If you remember back to the Seinfeld days, you might remember an episode about Kramer and the "kavoorkaa," a Latvian word for "the lure of the animal." Like many things in pop culture, I've modified the definition, and apply it liberally to my own life.
Seriously, I've taken Seinfeld-isms to the next level. I've bought the complete series dvd set and make my children watch them (when appropriate) so that they can understand why I would ever use a word like "kavoorkaa."
Now, when I am shopping, especially at antique stores, I think about the kavoorkaa. When I touch an item, and linger over it, I know better than to think that it will be there when I return. By holding it and giving it my longing energy, I've kavorkaa'd it.
The next person that comes upon said item, might feel my energy. It will lure them to the purchase, because the positive, longing energy exists.
OK, I am crazy, but I also feel that there is negative kavoorkaa. Sometimes I touch an antique and drop it on the spot. The energy is negative. Creepy. Evil.
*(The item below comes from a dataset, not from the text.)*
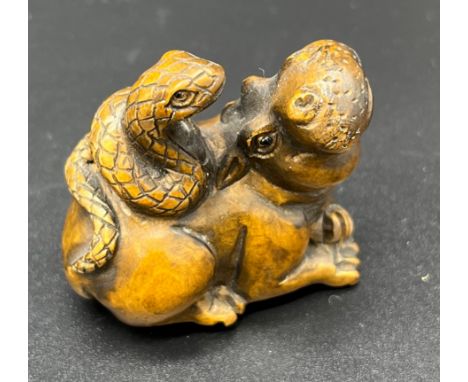 Hand carved Japanese Netsuke sculpture of a hippo resting with a snake on its back. Signed and fitted with black bead eyes. [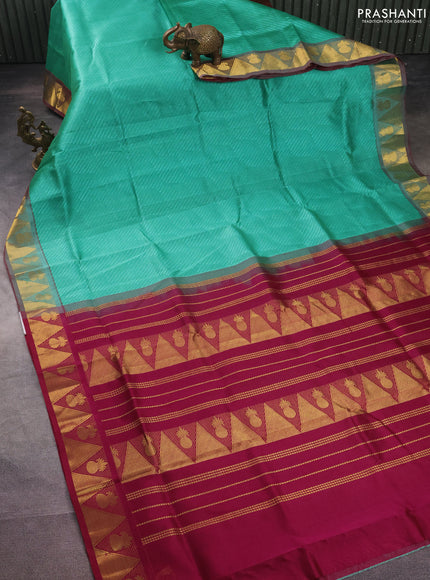 Silk cotton saree teal blue and wine shade with allover self emboss jacquard and zari woven border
All to say, after many visits to one of my favorite antique spots, I finally purchased this thingy as pictured above. A 1950's spoon rack in the shape of a ceramic flower pot. Oh boy. Lucy, this needs some explaining.
I am a woman who has grandma plates. If my grandma ever comes down from heaven, she will find me based on the grandma plates that she purchased with me on a shopping trip in the last months of her life.
I love the old life. The fact that there can be individual salt cellars. The fact that there are so many kinds of forks and spoons and plates. I want the old life. The complicated, but simple. The importance of a beautiful dinner. The slower, more complicated, yet a firm set of rules that establish the next move.